UNTITLED, ART Miami Beach: Booth A41

Ocean Dr &, 12th St, Miami Beach, FL 33139, 4 - 8 December 2019 
Simone Kennedy Doig, Jebila Okongwu

Baert Gallery is pleased to participate to UNTITLED, ART Miami Beach 2019 with a  presentation of new works by Simone Kennedy Doig & Jebila Okongwu.

 

Simone Kennedy Doig (b. 1994) spent the first eight years of her life in East London, before moving to Trinidad with her family. She later returned to her childhood borough to complete her studies and decided to stay. Hybrid identity as the consequence of migration is the most important theme in Kennedy Doig’s painting.

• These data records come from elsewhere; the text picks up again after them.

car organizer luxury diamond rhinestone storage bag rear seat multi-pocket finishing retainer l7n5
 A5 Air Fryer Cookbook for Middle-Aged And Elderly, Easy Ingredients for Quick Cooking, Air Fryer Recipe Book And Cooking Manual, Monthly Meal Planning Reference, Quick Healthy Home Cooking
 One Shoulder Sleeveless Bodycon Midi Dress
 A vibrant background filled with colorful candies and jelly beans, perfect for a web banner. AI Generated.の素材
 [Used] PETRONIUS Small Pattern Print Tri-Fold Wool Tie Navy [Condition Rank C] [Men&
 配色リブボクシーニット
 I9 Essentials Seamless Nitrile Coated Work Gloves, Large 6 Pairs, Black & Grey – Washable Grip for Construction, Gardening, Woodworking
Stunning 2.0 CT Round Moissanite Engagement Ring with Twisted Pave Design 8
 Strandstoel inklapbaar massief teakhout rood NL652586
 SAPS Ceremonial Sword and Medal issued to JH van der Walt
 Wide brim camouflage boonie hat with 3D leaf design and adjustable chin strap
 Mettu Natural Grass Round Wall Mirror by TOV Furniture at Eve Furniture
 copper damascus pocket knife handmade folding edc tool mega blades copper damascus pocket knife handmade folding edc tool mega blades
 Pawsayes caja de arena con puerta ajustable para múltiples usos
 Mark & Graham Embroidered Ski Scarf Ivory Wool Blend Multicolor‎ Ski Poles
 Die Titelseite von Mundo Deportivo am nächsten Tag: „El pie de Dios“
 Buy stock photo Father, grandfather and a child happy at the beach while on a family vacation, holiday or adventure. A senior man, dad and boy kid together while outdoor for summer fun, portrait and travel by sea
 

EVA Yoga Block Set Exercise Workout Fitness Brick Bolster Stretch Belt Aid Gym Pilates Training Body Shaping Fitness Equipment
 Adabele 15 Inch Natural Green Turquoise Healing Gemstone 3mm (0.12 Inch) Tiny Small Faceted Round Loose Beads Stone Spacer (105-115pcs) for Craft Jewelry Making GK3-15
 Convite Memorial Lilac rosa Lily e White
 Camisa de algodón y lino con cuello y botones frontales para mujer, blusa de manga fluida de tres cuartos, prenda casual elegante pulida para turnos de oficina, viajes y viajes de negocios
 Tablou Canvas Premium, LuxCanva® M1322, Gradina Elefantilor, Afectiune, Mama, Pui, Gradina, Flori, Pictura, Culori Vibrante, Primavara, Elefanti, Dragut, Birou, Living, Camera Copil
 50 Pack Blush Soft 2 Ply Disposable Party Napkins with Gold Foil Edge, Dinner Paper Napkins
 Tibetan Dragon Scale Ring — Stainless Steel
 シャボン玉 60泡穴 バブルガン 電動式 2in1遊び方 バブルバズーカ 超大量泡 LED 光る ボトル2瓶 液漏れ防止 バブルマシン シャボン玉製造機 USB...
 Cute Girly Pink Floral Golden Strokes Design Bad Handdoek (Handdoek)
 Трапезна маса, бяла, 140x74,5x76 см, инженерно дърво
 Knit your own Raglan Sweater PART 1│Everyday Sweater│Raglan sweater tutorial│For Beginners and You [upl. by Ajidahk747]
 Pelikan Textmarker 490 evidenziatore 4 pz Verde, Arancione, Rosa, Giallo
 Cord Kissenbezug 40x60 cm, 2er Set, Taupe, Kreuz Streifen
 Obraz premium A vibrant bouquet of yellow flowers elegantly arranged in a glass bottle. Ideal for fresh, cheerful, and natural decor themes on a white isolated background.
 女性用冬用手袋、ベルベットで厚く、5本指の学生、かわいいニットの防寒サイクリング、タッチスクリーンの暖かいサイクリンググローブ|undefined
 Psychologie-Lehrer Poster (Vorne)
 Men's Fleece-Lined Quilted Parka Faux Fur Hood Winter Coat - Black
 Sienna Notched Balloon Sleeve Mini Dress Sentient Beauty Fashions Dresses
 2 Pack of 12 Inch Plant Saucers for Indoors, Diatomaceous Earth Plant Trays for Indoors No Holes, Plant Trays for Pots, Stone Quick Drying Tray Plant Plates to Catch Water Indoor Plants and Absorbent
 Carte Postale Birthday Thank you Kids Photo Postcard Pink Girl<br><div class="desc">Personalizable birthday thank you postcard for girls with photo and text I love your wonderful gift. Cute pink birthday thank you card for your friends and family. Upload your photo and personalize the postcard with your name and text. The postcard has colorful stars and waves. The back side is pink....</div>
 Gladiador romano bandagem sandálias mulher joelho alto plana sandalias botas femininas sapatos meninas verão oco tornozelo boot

The second is women: their subjectivity, autonomy and mutual relations. Her realistic, narrative paintings feature a wide range of saturated colours, making the experience of depicted scenes much more intense. Such use of colour, as well as an illustrative, often simplified approach to figure, evoke associations with Latin American painting. Kennedy Doig uses the medium to interpret everyday life, especially that characteristic of her local area, East London, housing a large Trinidadian community. The artist depicts scenes from local bars, crowded streets, or public restrooms, paying special attention to the neighbourhood’s fashion and customs.

 

Jebila Okongwu (b. 1975) critiques stereotypes of Africa and African identity and repurposes them as counterstrategies, drawing on African history, symbolism and spirituality. One of his preferred materials is banana boxes; their tropicalized graphics articulate an ‘exotic’ provenance, much like the exoticization of African bodies from an ethnocentric perspective. When these boxes are shipped to the West from Africa, the Caribbean and South America, old routes of slavery are retraced, accentuating existing patterns of migration, trade and exploitation. In his series entitled ‘Divination Paintings’, Okongwu engages with the multi-dimensional realities of traditional African art, a domain that includes legends, myths, ancestors, spirits, death and the cosmos. By creating a process which involves randomly applying triangles of banana box cardboard onto canvas, the artist takes on a role similar to that of the shaman and manipulates random events to transcend his own ego by relaying coded information (and possible revelations) from a sentient cosmos. The graphic elements on the boxes are broken down and reformed to create new visual structures and shimmering optical fields. Having developed a distinct aesthetic by working solely with collage for several years, Okongwu has recently returned to painting. The visual effect of collage is recreated with oil paint on linen but the artist now has more control of color and tone by mixing the paint. Working with a fluid medium and bristle brushes lends a sensuality to the surface of the work that was not possible with collage and he is now able to subtly alter the logos and texts which are printed onto the boxes, emphasizing both the sociopolitical and personal narratives present in the works. Okongwu’s series of ‘Banana Sculptures’ consist of formal arrangements of the tropical fruit and playfully subvert the ideals of high Modernist sculpture. He thus reclaims the stolen legacy of African art from the Cubists and reproposes his sculptures as totems or sacred objects representing spirit beings. The works are initially sculpted from sections of cardboard which are hand-stitched together and then cast into bronze. By way of this archaic artistic process, Okongwu redefines temporal and spatial dimensions and the ethereal quality of the spirit world is materialized and made permanent.